Hartsfield-Jackson dethroned as “world’s busiest airport”

There’s always next year: Atlanta’s Hartfield-Jackson International Airport has lost its status as the "world’s busiest airport” for the first time in over 20 years.

The top spot went to Guangzhou Baiyun International Airport in China, which recorded 43 million passengers in 2020. Atlanta’s airport recorded 42.9 million, a sharp decrease from previous years due to the decline in air travel during the pandemic.

But Atlanta, which has long prided itself on being the home of the world’s busiest airport, is optimistic that Hartsfield-Jackson will regain the coveted title next year. “While we have been proud of our title as busiest in the world, 2020 was an unprecedented year, with unprecedented challenges, impacting travel across the United States and the globe,” said Mayor Keisha Lance Bottoms, who said that the airport took drastic steps to protect passengers from COVID-19. “Those steps are allowing Hartsfield-Jackson and its partner airlines to return to normal, with a renewed push to reclaim our title as the world’s busiest airport,” she continued.

It’s worth noting that of the 10 busiest airports in the world, 7 of them are in China and the other 3 are in the United States.


Jovita Moore to be released from hospital, enter rehab

Last week, Atlanta news anchor Jovita Moore underwent surgery to remove two small tumors from her brain.

I am happy to share this week that Moore will be released from the hospital on Friday and is set to begin her recovery in rehab.
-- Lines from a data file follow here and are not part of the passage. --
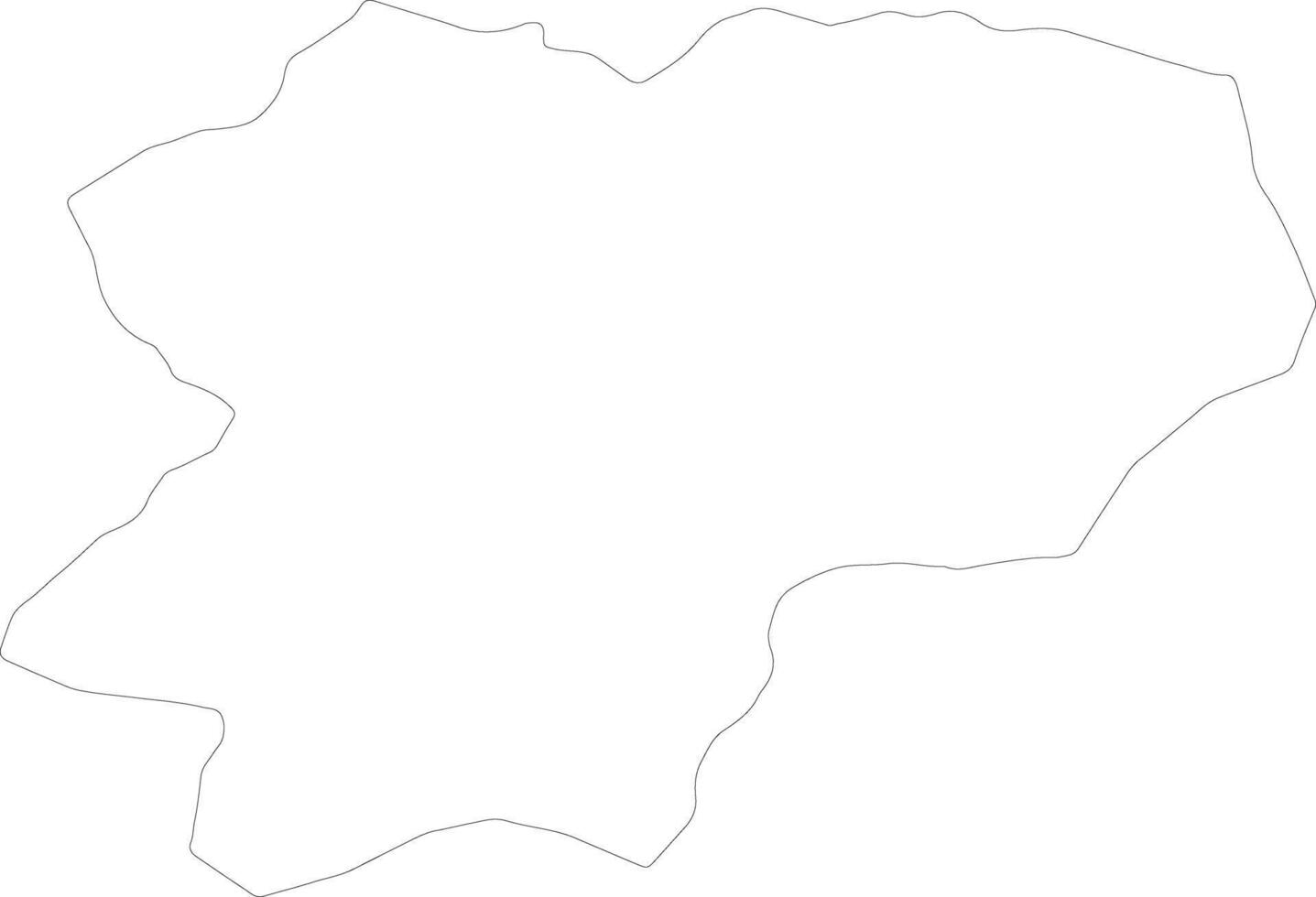 Artvin Turkey outline map vector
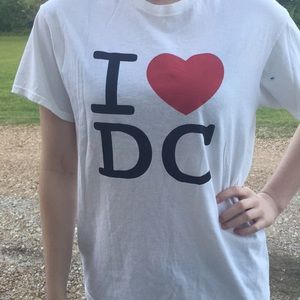 White T-shirt “I ❤️ DC”
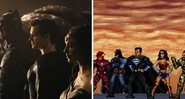 Zack Snyder's Justice League (Foto: Reprodução/ Warner Bros.) e recriação do teaser do filme (Foto: Reprodução/YouTube)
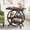 Rustic Brown, variant on Finmind End Table for Living Room, Narrow Side Table with 4-tier Storage Shelf and Geometric Metal Frame for Couch, Industrial Nightstand for Bedroom, Rustic Brown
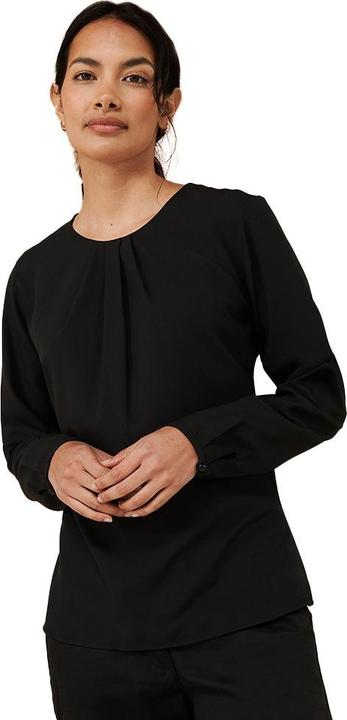 Produktbild Henbury Bluse Bundfalten Langärmlig (4XL)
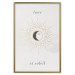 Wall Poster Moon and Sun - Graphical Representation of Celestial Bodies in Bright Tones 146138 additionalThumb 23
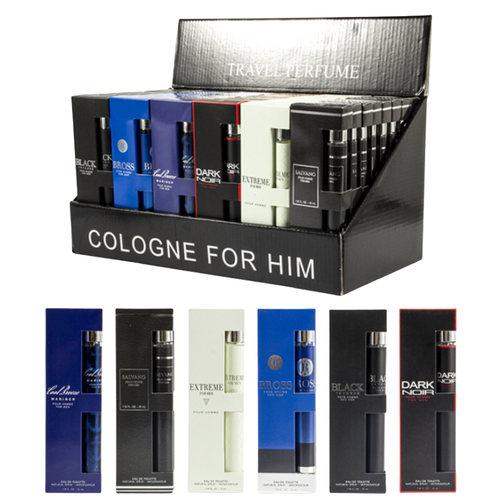 St Collection Men Jm Cologne M 35ml X 48 Mini Display (black I, Bross,cool Breeze, Dark Noir, Extreme & Salvang)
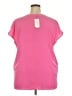 ELOQUII Pink Short Sleeve Blouse Size 18 Plus - photo 2
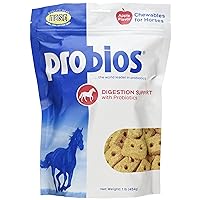 Probios Horse Treats for Digestion Support, 1-Pound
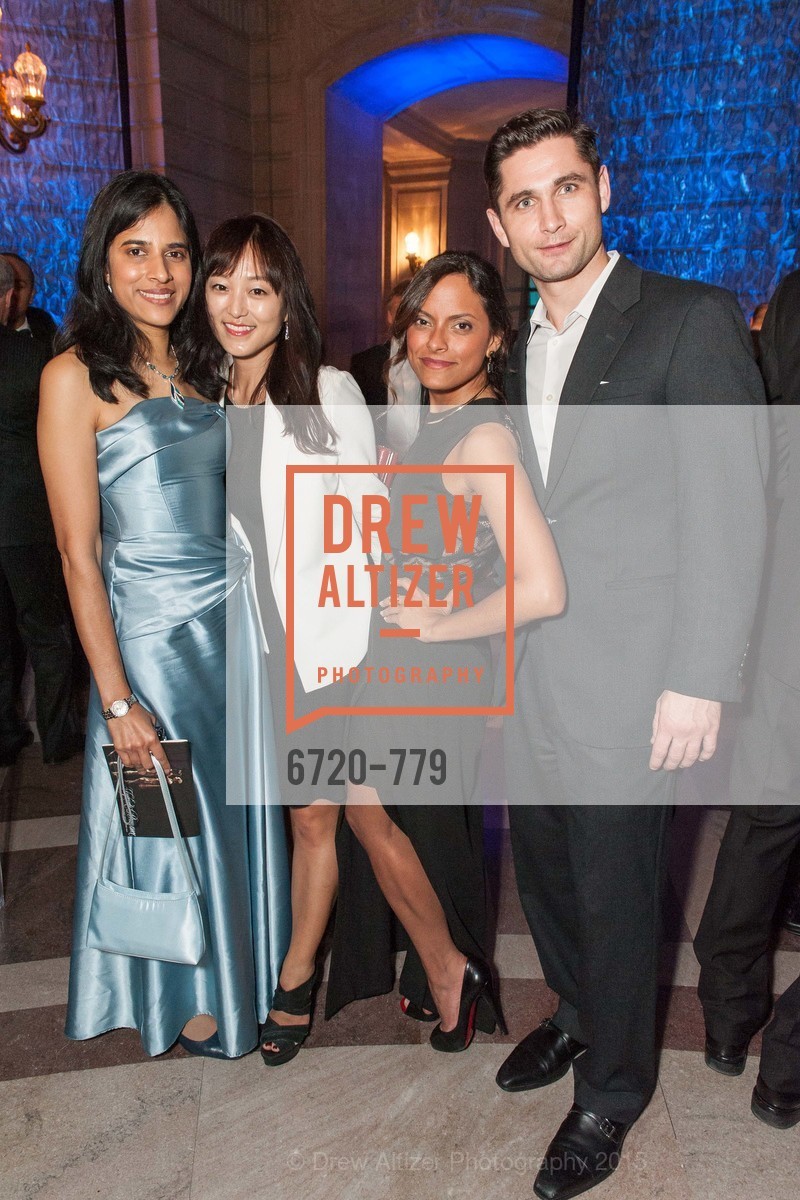 Nayana Ghanziwala, Mina Lee, Beatriz Zeno, Mike Borozzin, San Francisco Ballet 2015 Opening Night Gala, San Francisco City Hall. 1 Dr Carlton B Goodlett Pl, January 22nd, 2015,Drew Altizer, Drew Altizer Photography, full-service agency, private events, San Francisco photographer, photographer california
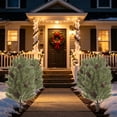 thumbnail image 4 of Artificial Christmas Pine Tree Stake with Realistic Cedar Branches and Pine Cones for Outdoor Yard, Porch, Pathways, and Garden Holiday Decoration, 4 of 5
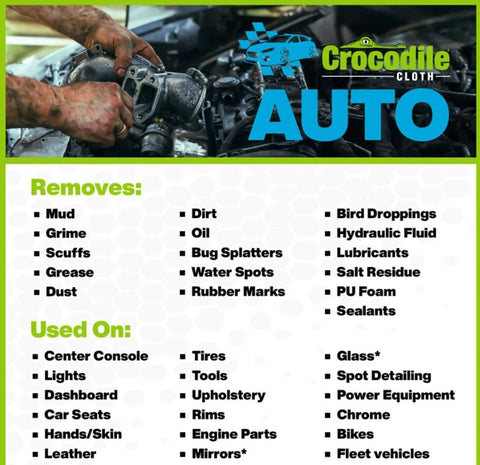 Crocodile Cloth Professional 6930-100 Automotive Cleaning Cloth, 15 in L, 10 in W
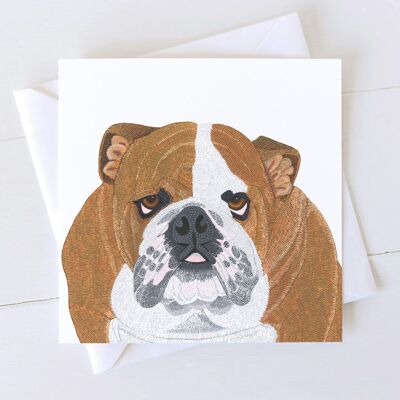 Tarjeta de Bulldog Art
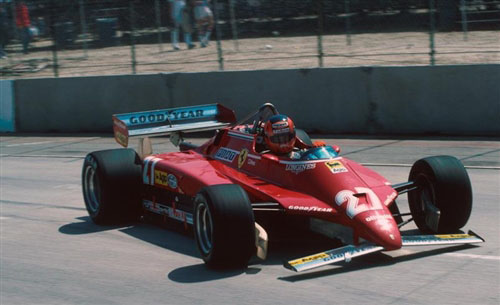 1982 - Ferrari 126 C2 with Gilles Villeneuve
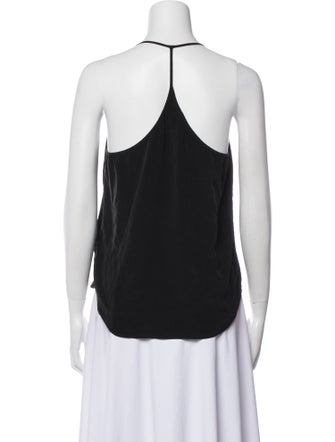 L'Agence Silk Scoop Neck Top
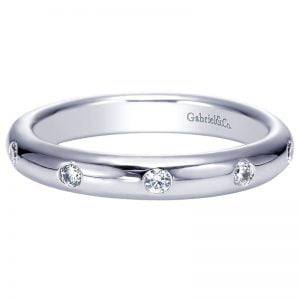 14k White Gold Diamond Stackable Anniversary Band AN6006W44JJ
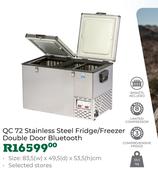 National Luna QC 72 Stainless Steel Fridge/Freezer Double Door Bluetooth
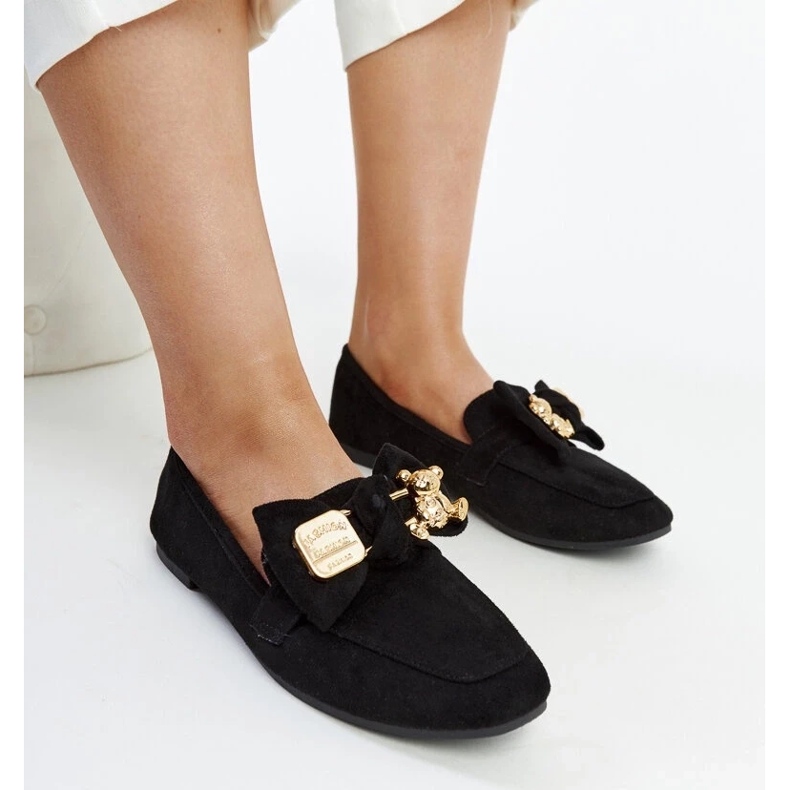 D/CEO Mustat mokasiinit koristeellisella Kibra-hakaneulalla 2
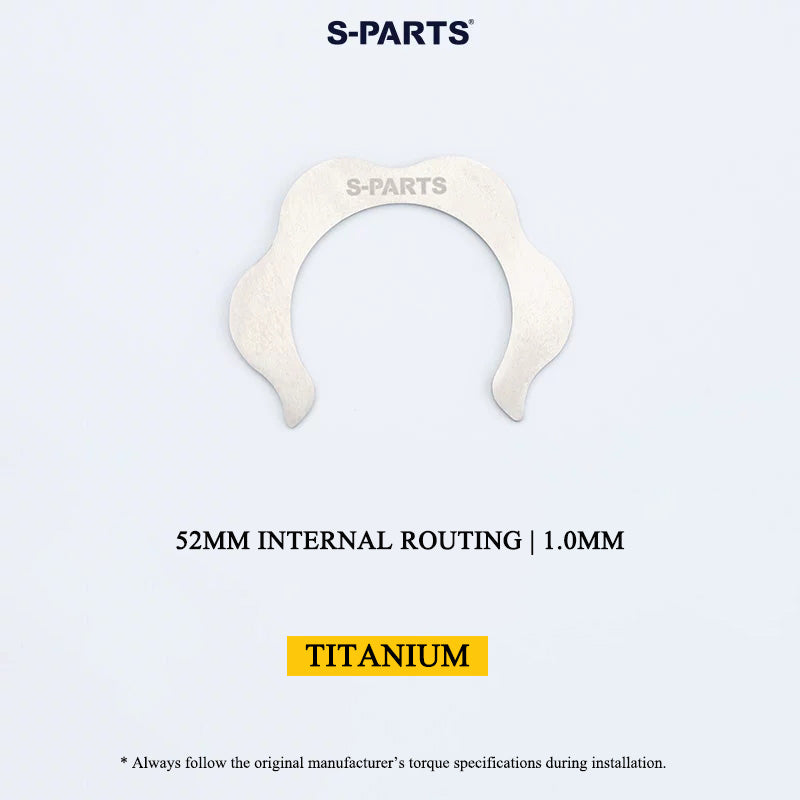 Grade 5 Titanium Headset Shim | 52mm Internal Routing | 0.5mm / 1mm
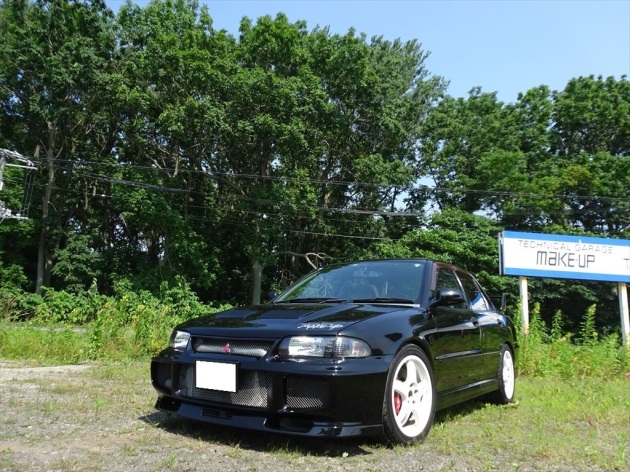 ランエボ3　CA9A　4G63　車検・整備＆板金塗装　完成　納車です！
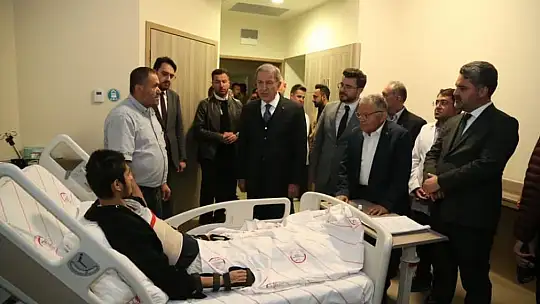 Büyükkılıç'tan hastane ziyareti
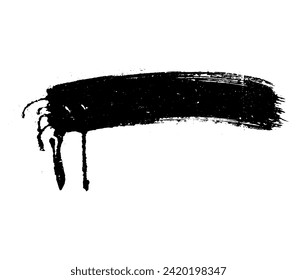 black paint brush, A Black and white brush stroke on a white background, vintage dirty scribble Brush stroke scratch, black ink splashes, a splashes vintage texture Black and white set of stains, spla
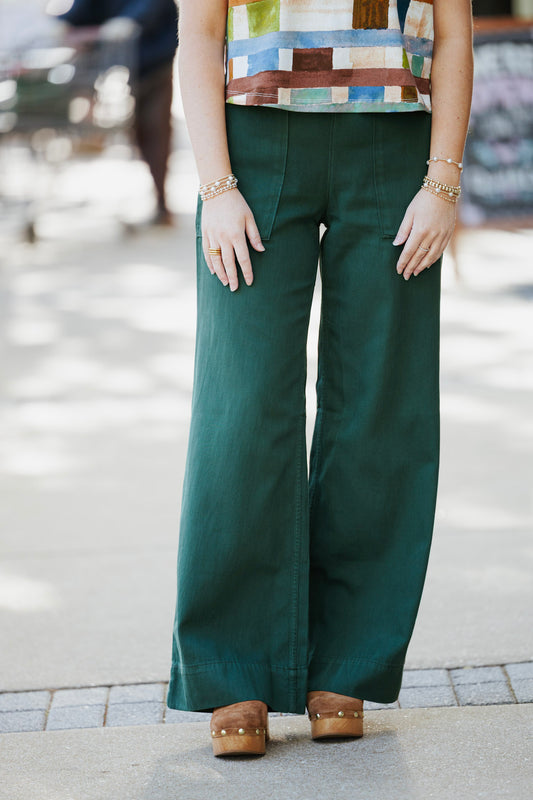 PINENEEDLE BREEZY DENIM PULL ON
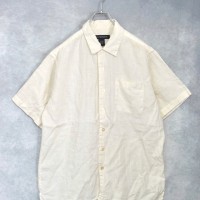 100% linen open collar s/s shirts | Vintage.City 빈티지숍, 빈티지 코디 정보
I continue to send Jovita, her family and the WSB-TV news team my thoughts and prayers as she begins the recovery process, and I think I speak for everyone in Atlanta when I say I look forward to seeing her back at the anchor desk very soon!

If you would like to send Jovita your well wishes, click here.


Atlanta native Brooke Baldwin bids farewell to CNN

Lastly, I would like to send my best wishes to Brooke Baldwin, who recently departed CNN after over 10 years at the network.

Baldwin, a native of Atlanta and the author of a new book, gave an emotional on-air goodbye to viewers last Friday, encouraging them to “get a little uncomfortable, speak up and keep pushing.” She also highlighted the importance of diversity in the field of journalism.

I wish Brooke the best of luck on any and all of her future endeavors. I know she will do great at whatever she decides to do next. Thank you for making Atlanta proud, Brooke.